I Wanna Go Back To Detroit City
Bloodshot Records, 2017
REVIEW BY: Tom Haugen
ORIGINALLY PUBLISHED: 04/15/2017
It might be easier to list the few things Andre Williams hasn't done in his lengthy career than what he has done. I guess when your work dates back to the '50s and you've been active in just every decade since, that doesn't leave much. And in the case of Williams, who has been a singer, writer, producer, publisher, manager, and a celebrity as well as homeless, it really doesn't leave much.
The title of his fifth album on the Bloodshot label is just that – a return to the city where he began his career after he left Alabama in the '50s. Now you might think that a man nearly 80 years old during this recording might not be able to revisit the sounds of youth with any amount of success, but Andre Williams is far from your standard human being.
While the music here is a mix of Motor City garage rock and blues, Williams has plenty of stories to tell that are just as much as part of the equation as the sounds. A man that has lived a life full enough for two people, the topics here include life on the streets, an occasional tune about the opposite sex, broken friendships, and his invisibleness to the Rock & Roll Hall of Fame.
Musically, the nine cuts here are all over the place, as are Williams' vocals as he alternates between talking and raspy singing. Bits and pieces of funk, psyche, soul, and blues-influenced rock are found in each song, and the band does a great job of creating a timeless groove.

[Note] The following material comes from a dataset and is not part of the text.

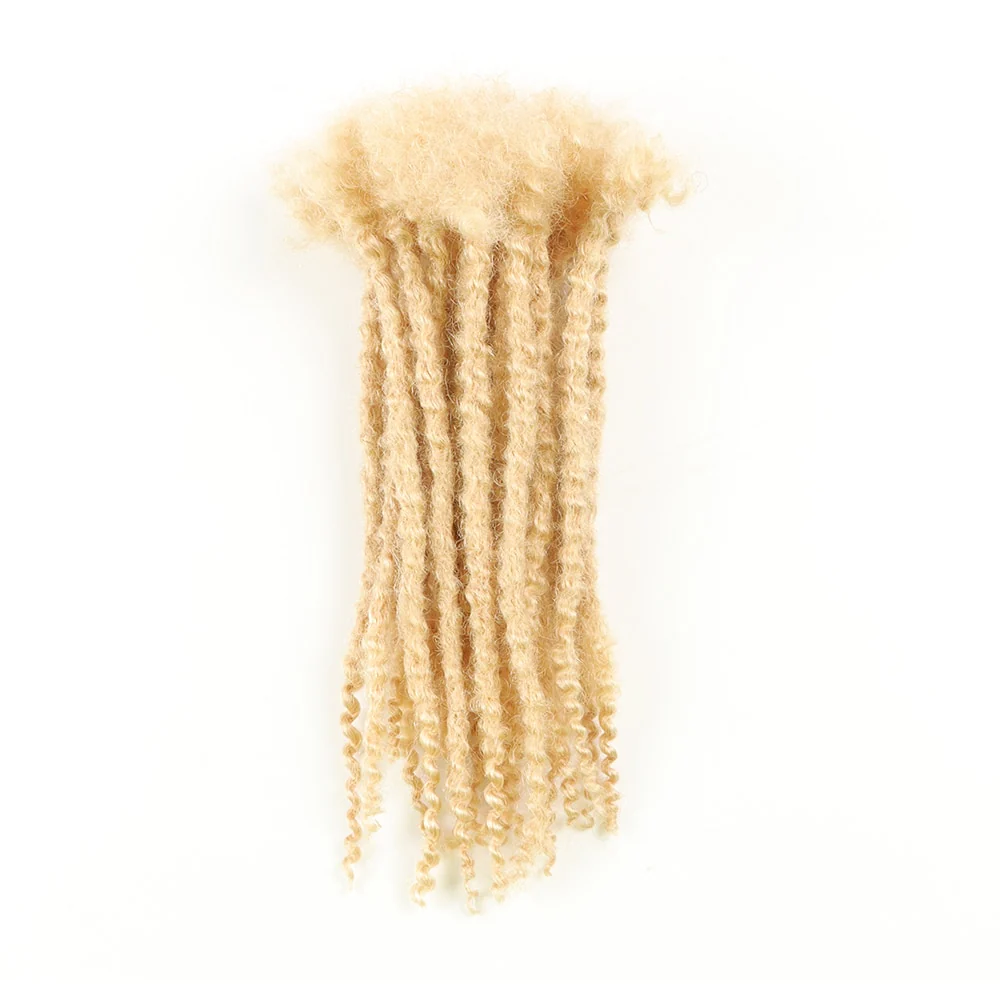 100% Human Hair Texture Locs Dreadlocks Extensions | Coiled Tips Locs - Image 5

Album highlights like “Meet Me At The Graveyard” with its swampy rock and Tom Waits comparison are up there with the best of the genre, and the percussion heavy “Hall of Fame” puts a unique spin on the album. However, it's the gravelly vocal work and psyche-soul of the title track that really gets to the meat of what Williams is doing best, and thankfully it's a theme that runs through the disc.
Andre Williams has been incredibly prolific for a man now in his eighth decade. For fans of gritty rock similar to The Stooges or The Cramps but who also appreciate the soulfulness of, say, Little Richard or John Lee Hooker, I Wanna Go Back To Detroit City (or anything Williams has done in recent years, really) is a must.